The Blue Snowball is one of the top microphones for streaming due at its current price level. If you are streaming on Twitch, then this is the one of the top best mics for streaming Twitch as well, so don’t worry about that either.

The Blue Yeti ranks up there as well, although it is of higher quality.

A microphone of decent quality can sound a whole lot better than the lower-grade product, at a price that is usually only slightly higher. Although this model offers more than adequate voice quality, buyers should probably spend a little more in order to get much better, or else just go for a cheaper microphone if they won’t prioritize audio performance.

Blue Yeti Pro

As noted previously, Blue’s Pro version of the Yeti definitely outdoes its standard stablemate in ideal settings where you can keep your face around eight or so inches from the microphone. It does less well when situated farther apart, though.

The Pro model does not necessarily perform better in all situations and apparently, it is optimized for use in more studio-type setups. But it can be a good alternative if you require more performance, although it normally costs much more at about $200-230 unless you wait for a sale.

As I noted with Razer’s Pro models, the XLR-type jacks of the Blue’s Pro version let owners interface them with mixer boards in fancier setups. You may be wondering why this isn’t the best desktop mic for gaming then? Well, the price point is too high to justify its great performance.

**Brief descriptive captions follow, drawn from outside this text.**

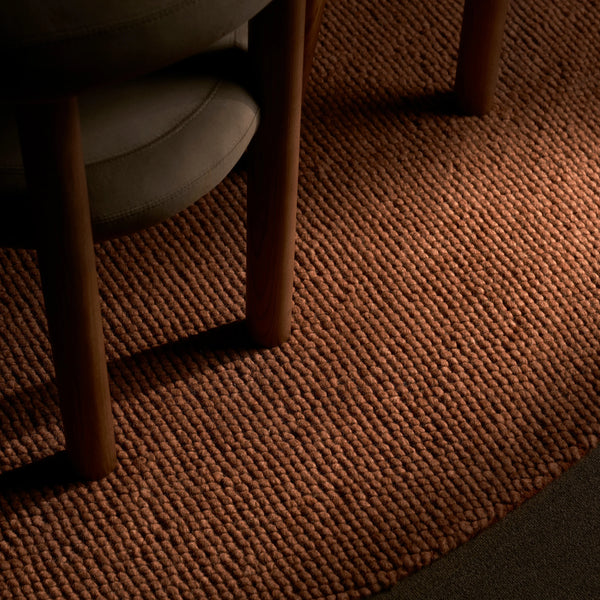 Ridge Rug - Coffee - alternate view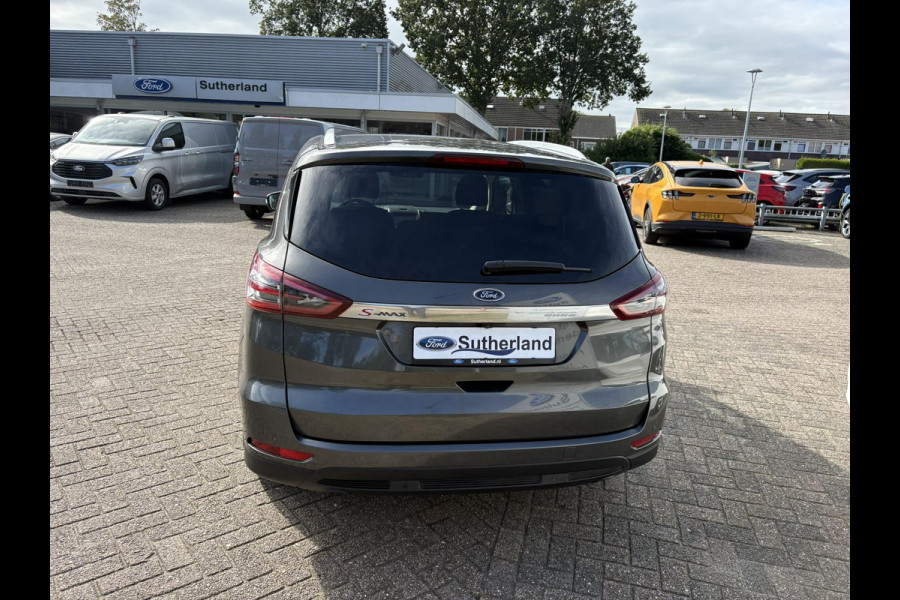 Ford S-Max 1.5 Ecoboost Titanium 7pers Full LED | Achteruitrijcamera | Sony Audio | Stoelverwarming | Elektrische Achterklep | Apple Carplay / Android Auto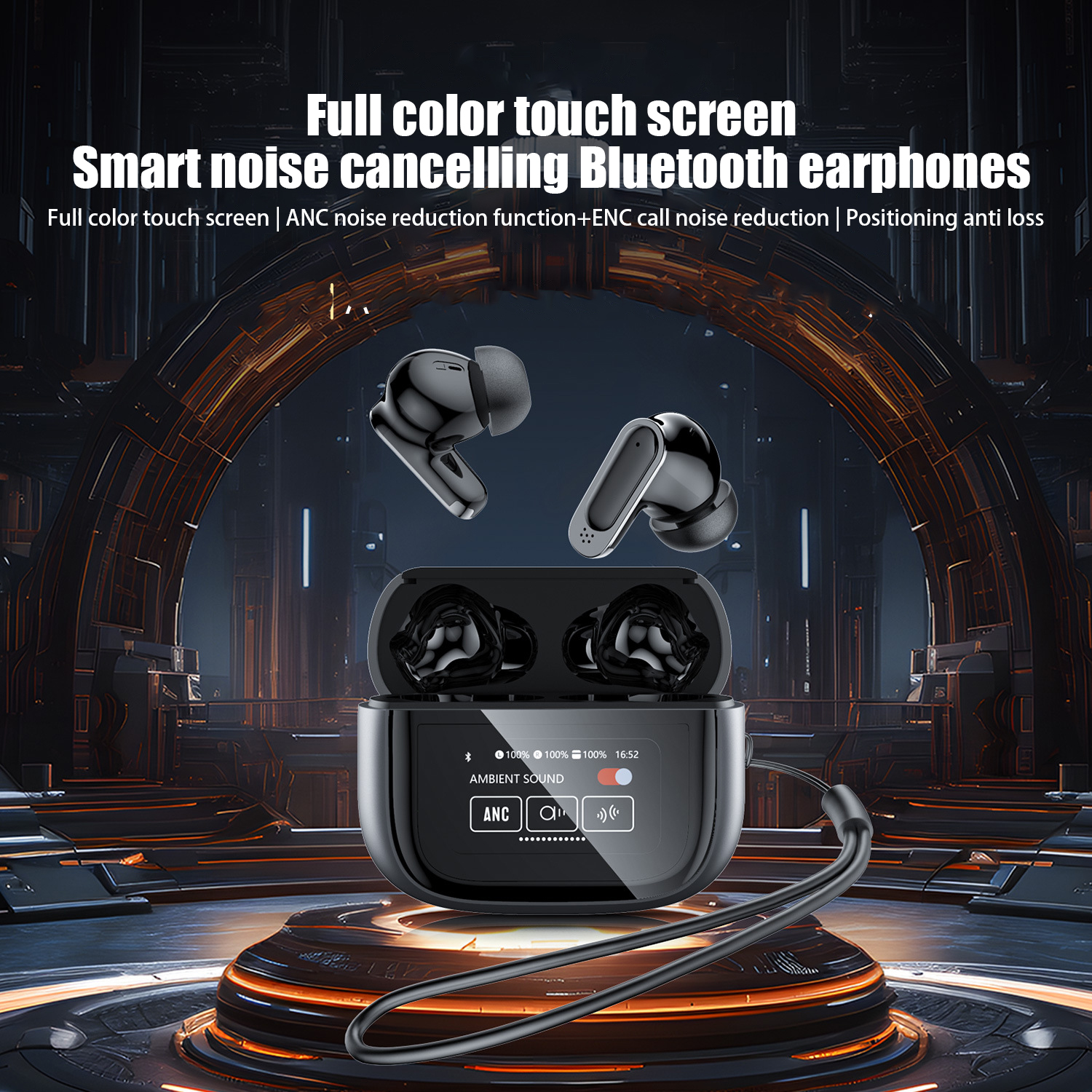 Lenovo Ultra V11 Smart Touch M - Wireless Earbuds Tws ulasan dan harga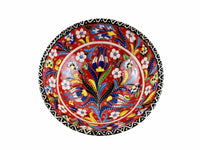 15 cm Turkish Bowls Flower Collection Red Ceramic Sydney Grand Bazaar 10 
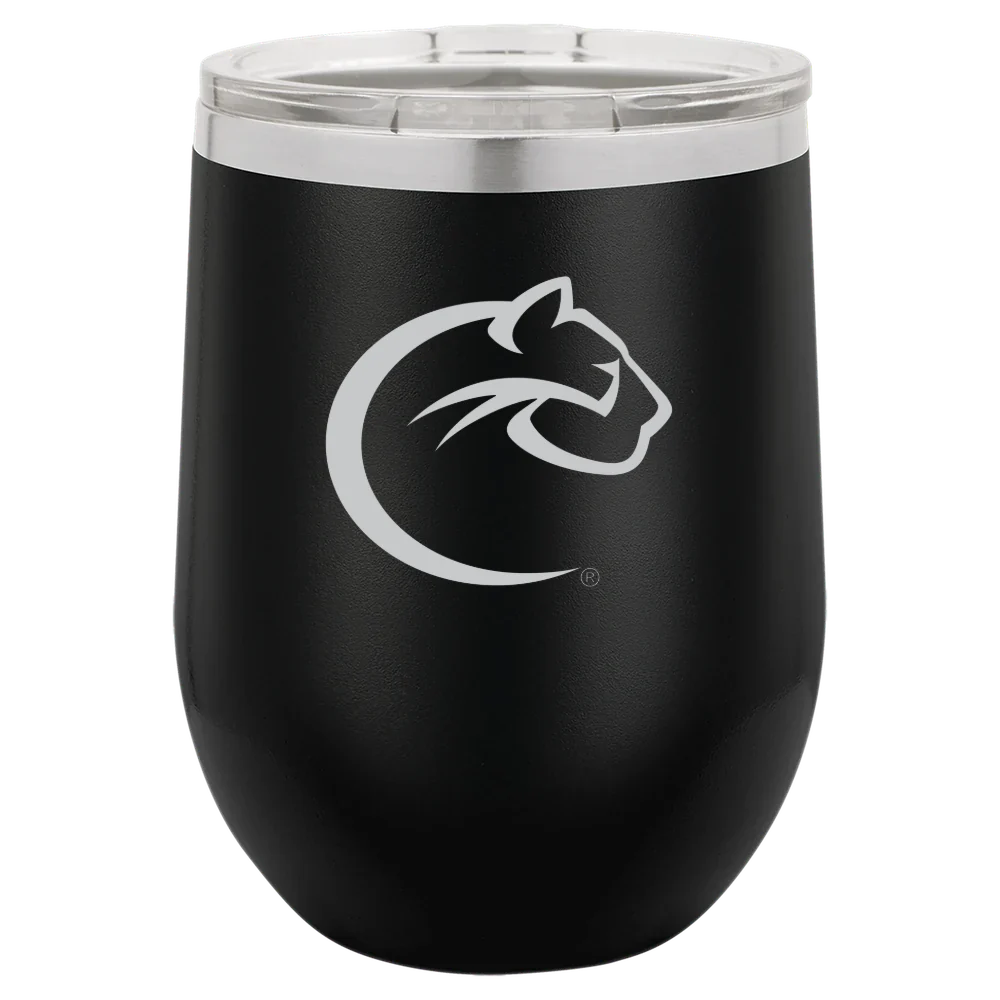 Chatham University Polar Camel 12 oz. Stemless Wine Tumbler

Although there are approving reviews of Shure’s PG42-USB, this item will no longer be produced and will eventually disappear from the market, which is why I did not evaluate it.

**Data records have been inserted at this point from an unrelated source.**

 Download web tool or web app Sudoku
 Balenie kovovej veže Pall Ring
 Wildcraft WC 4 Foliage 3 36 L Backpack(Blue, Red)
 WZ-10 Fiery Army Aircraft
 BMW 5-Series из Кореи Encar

Marshall’s MXL AC-404 appears to have good reviews as well, but given that its flat design and high sensitivity is tweaked for capturing voice reflections around bare conference tables, I decided that this model was not appropriate for testing as well.

Final Words

Users who go the route of using dedicated mics (my recommendation in general) have come to regard Blue’s Yeti as a mic that pleases. Probably the best gaming microphone for the price and a pretty decent tool for live streaming as well, it has been a bestseller for a long time and should be on most buyers’ shortlists.

In any case, the mics I have listed here work well for teaming up with friends online and for live streaming gameplay and other content. You really can’t go wrong with one of these on your desk or person.

One more thing: if you’re into live streaming, your microphone will likely appear in most of the views you will be broadcasting to your audiences. So if you have a choice, it would be smart to choose one with a design that suits your presentation theme and style. We hope you liked our list of the top microphones for gaming and that you found the best microphone for gaming according to your budget and needs.